◆ DATASET EXCERPT

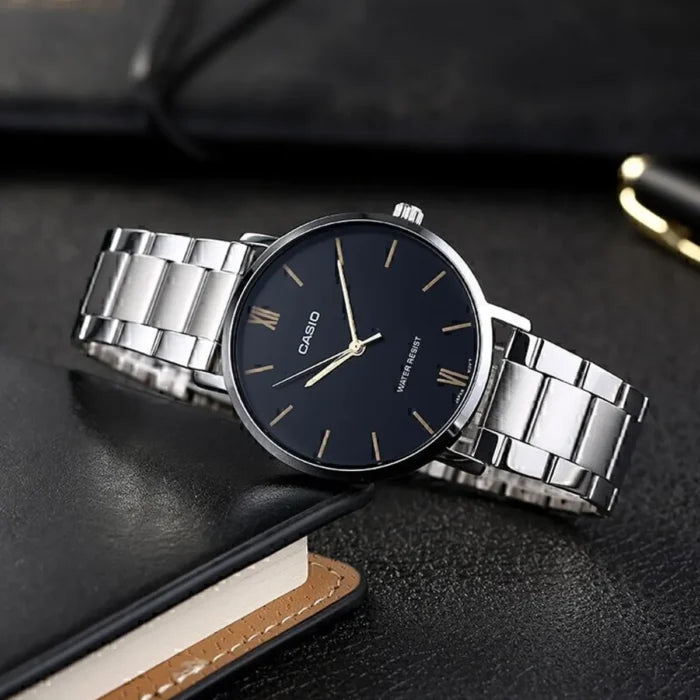 Casio MTP-VT01D-1B — Black dial bracelet watch displayed beside a notebook
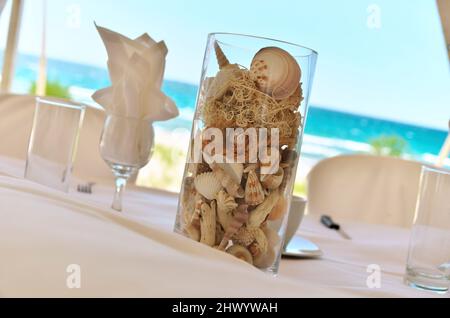 Glasvase im Mittelpunkt, gefüllt mit einer Vielzahl von Muscheln für eine Hochzeit am Strand Stockfoto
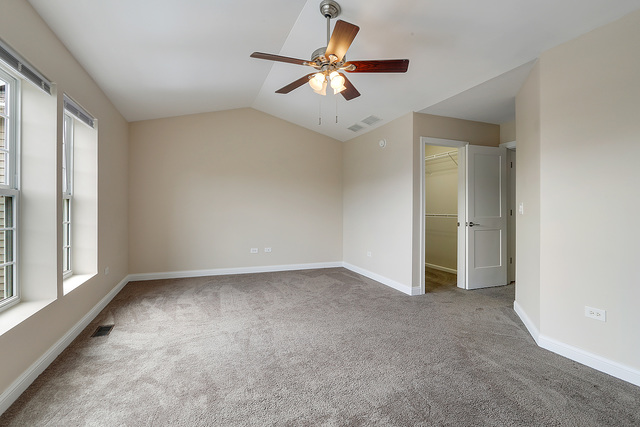 15324 Pinewood Road Lockport, IL 60441 - Photo 9 of 18 a view of an empty room with a window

◆ TASK DESCRIPTION
Strip the images and return the remaining data exactly.

◆ EXERCISE RESPONSE
 Casio MTP-VT01D-1B — Black dial bracelet watch displayed beside a notebook
 Glasvase im Mittelpunkt, gefüllt mit einer Vielzahl von Muscheln für eine Hochzeit am Strand Stockfoto
 15324 Pinewood Road Lockport, IL 60441 - Photo 9 of 18 a view of an empty room with a window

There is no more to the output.